6

This query below:

Query 1:

SELECT * FROM DUAL 

is equivalent to and produces the same result as:

Query 2:

SELECT * FROM DUAL 
UNION
SELECT * FROM DUAL

This is obvious BEFORE running the two queries just by looking at them.

However, it seems Oracle doesn't understand this very simple fact and generates two different plans:

Plan 1:

Execution Plan
----------------------------------------------------------
Plan hash value: 272002086

--------------------------------------------------------------------------
| Id  | Operation         | Name | Rows  | Bytes | Cost (%CPU)| Time     |
--------------------------------------------------------------------------
|   0 | SELECT STATEMENT  |      |     1 |     2 |     2   (0)| 00:00:01 |
|   1 |  TABLE ACCESS FULL| DUAL |     1 |     2 |     2   (0)| 00:00:01 |
--------------------------------------------------------------------------

Plan 2:

Execution Plan
----------------------------------------------------------
Plan hash value: 646475286

----------------------------------------------------------------------------
| Id  | Operation           | Name | Rows  | Bytes | Cost (%CPU)| Time     |
----------------------------------------------------------------------------
|   0 | SELECT STATEMENT    |      |     2 |     4 |     6  (67)| 00:00:01 |
|   1 |  SORT UNIQUE        |      |     2 |     4 |     6  (67)| 00:00:01 |
|   2 |   UNION-ALL         |      |       |       |            |          |
|   3 |    TABLE ACCESS FULL| DUAL |     1 |     2 |     2   (0)| 00:00:01 |
|   4 |    TABLE ACCESS FULL| DUAL |     1 |     2 |     2   (0)| 00:00:01 |
----------------------------------------------------------------------------

Why is that? Isn't a simple comparison of the two UNION-ed blocks less costly than doing both of the UNION-ALL and SORT UNIQUE operations? Or is there a way, a hint, to force Oracle to generate the same plan in both cases?

Thanks!

UPDATE

Tnoy's answer forced me to do some more experiments. Here is the result: When a query is UNION-ed with itself, the bigger query is not necessarily equivalent to the original query.

For example, I have created a very simple test table having only one column and loaded with two identical rows.

Now, my first query on this table which is this:

SELECT * FROM TEST 

returns this result:

  A
-----
  2
  2

while my UNION-ed query of:

SELECT * FROM TEST
UNION
SELECT * FROM TEST

returns this result:

  A
-----
  2

which means the Oracle optimizer is doing the right thing.

Thanks Tony!

RGO
  • 4,586
  • 3
  • 26
  • 40
  • 3
    Probably nobody spent the effort to put a "someone is unioning the same exact thing twice" optimization into the query planner because *why would someone write that query*? :) – hobbs Oct 15 '12 at 13:41
  • This can happen, for example, if you build a query at run-time dynamically and do not remove the duplicates. – RGO Oct 15 '12 at 13:44
  • 1
    Because computers are not inference machines. They don't intrinsically know anything.

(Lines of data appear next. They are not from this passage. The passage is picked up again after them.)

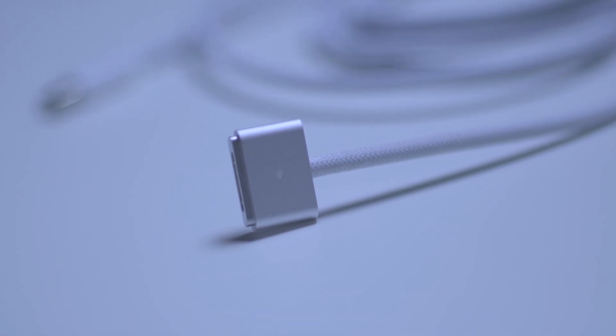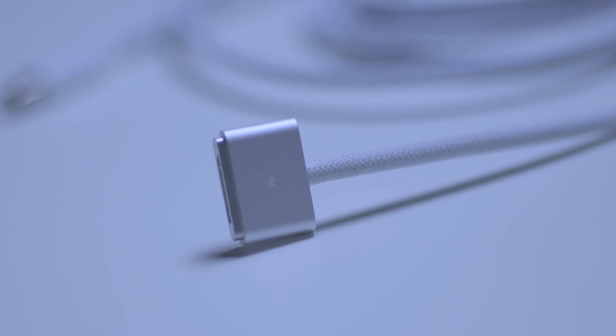This is the MagSafe 3 connector, and if we talk about the magnet in this cable, it's really strong. We get a much more powerful magnet inside this MagSafe connector, which also avoids unusual disconnections during charging.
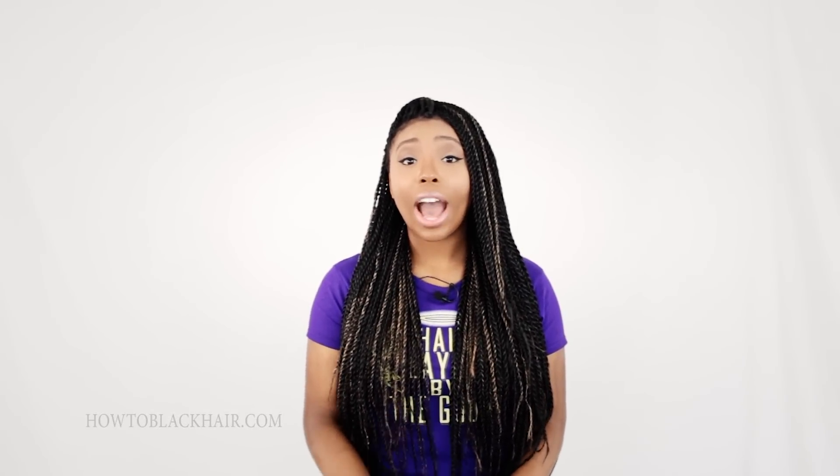Welcome to step number four of the Senegalese cornrow hairstyle. In this step, I will be teaching you how to safely take down and remove your hair extensions.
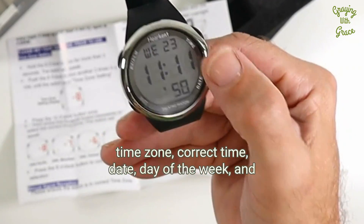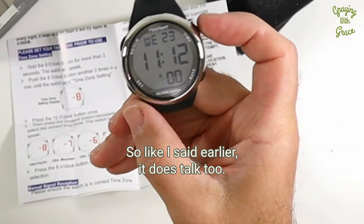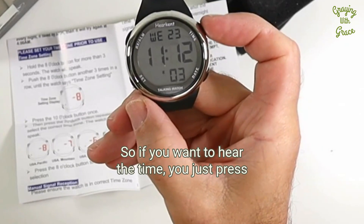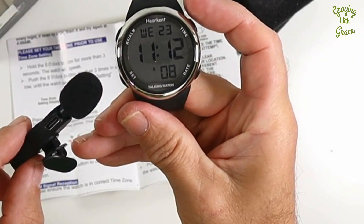The display also shows the correct time, date, day of the week, and the seconds. It does talk too — if you want to hear the time, you just press this button right here. The watch says: 'The time is 11:12 a.m.' So that reads out loud the current time for you.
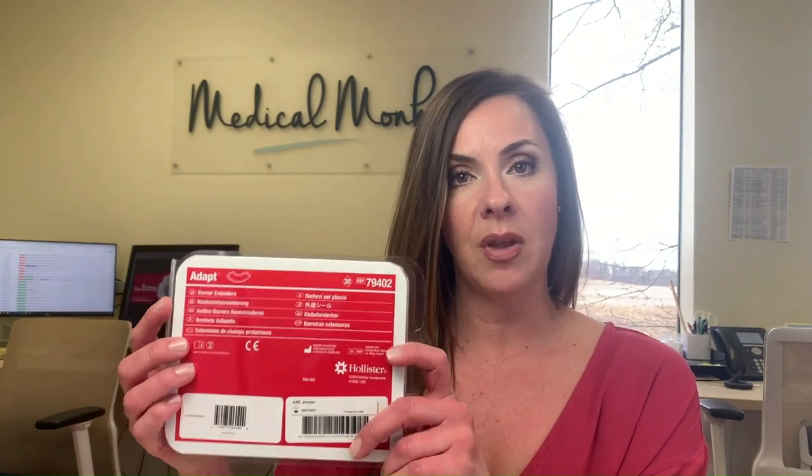Hi, thanks for joining us at Medical Monks, where your care is our highest calling. Today and this month, we're featuring a product from our partners at Hollister called the Adapt Barrier Extenders, and they come in this box, a pack of 30.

They do what they're told very precisely. And why would you expect the developer to optimise this case? Nothing is free, being able to optimise this means something else slips, the code base grows, the parsing algorithm grows, the headaches grow, and for what real-life benefit? – MatBailie Oct 15 '12 at 13:52

2 Answers2

3

I'm not an Oracle developer but my guess is the DB engine has to "see" all the rows (the result of a UNION ALL query) before it can work out how many duplicates there are by performing a unique sort.

At the end of your question you say

...is there a way, a hint, to force Oracle to generate the same plan in both cases?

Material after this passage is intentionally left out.